Seriously, though, the longer you are out of college the less it matter where you attended. You are judged far more on your accomplishments -- what you did with your degree and who you are as a person. Remember that.


+1. Anyone over 30 who cares about where someone went to college is a loser.
Anonymous
Anonymous wrote:My high school BFF went to Columbia, I went to Big State U. We talked a lot freshman year, and then it kind of tapered off as she got subconsciously aware of her "privilege" and new world. I stayed calm and didn't let it get to me.

At graduation, I went on to a top-ten (non-Ivy) law school and now am at an awesome firm making six figures. She went straight into a small consulting firm - not even management consulting - where she earns less than 70k. She has quietly come down off her high horse and we are genuinely friendly again.

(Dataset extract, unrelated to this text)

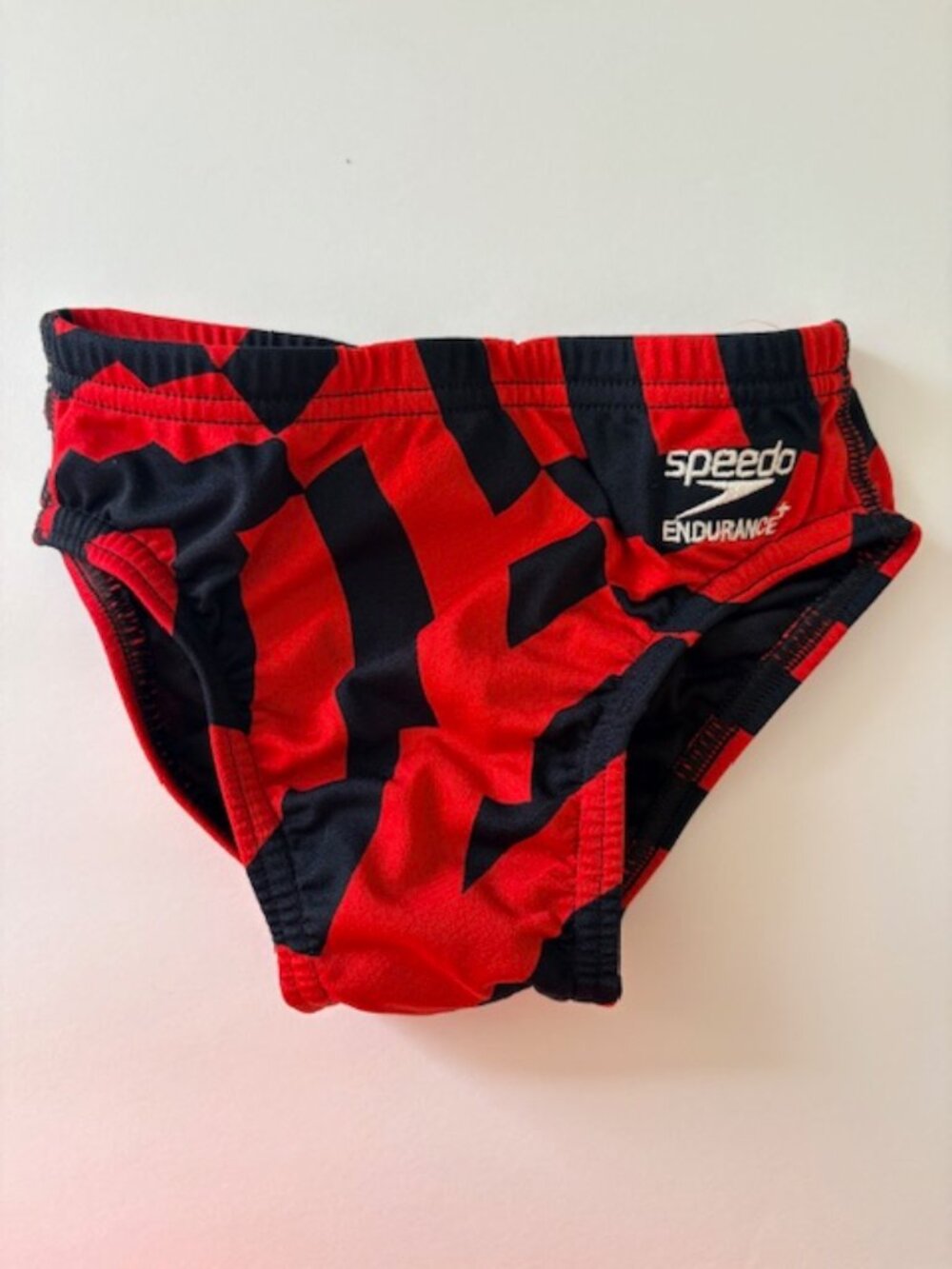 Speedo Vortex Maze Brief Boys 22 Competitive Swimwear Black Red Endurance+ NEW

The moral of the story is that my friend learned that it does not matter. Columbia did not guarantee her Mckinsey or BCG, even though she graduated with honors. My state university did not shut the doors to the admittedly dubious honor of Biglaw in a major city. Now even really insecure people wouldn't ever say anything about my undergraduate credentials because they know they would look like idiots.


It sounds like you climbed on top of that high horse.
Anonymous
OP Go to an Ivy B school if you can get in. It is true -- Ivy connections last a lifetime. Lots of people on this board will tell you all schools are the same, they know a friend of a friend who did well without an Ivy -- its all the same. It is not.
Anonymous
Anonymous wrote:About +/-10 years out of college and no one cares where you went. Other than having the networking opportunities, once you're out of school you sink or swim.

hahaha, it gets more important. They just stop talking about it with outsiders. Rude, you know.
Anonymous
Harvard and Princeton grads are much less likely to talk about "Ivies" as a group than Cornell or Dartmouth grads. Wonder why?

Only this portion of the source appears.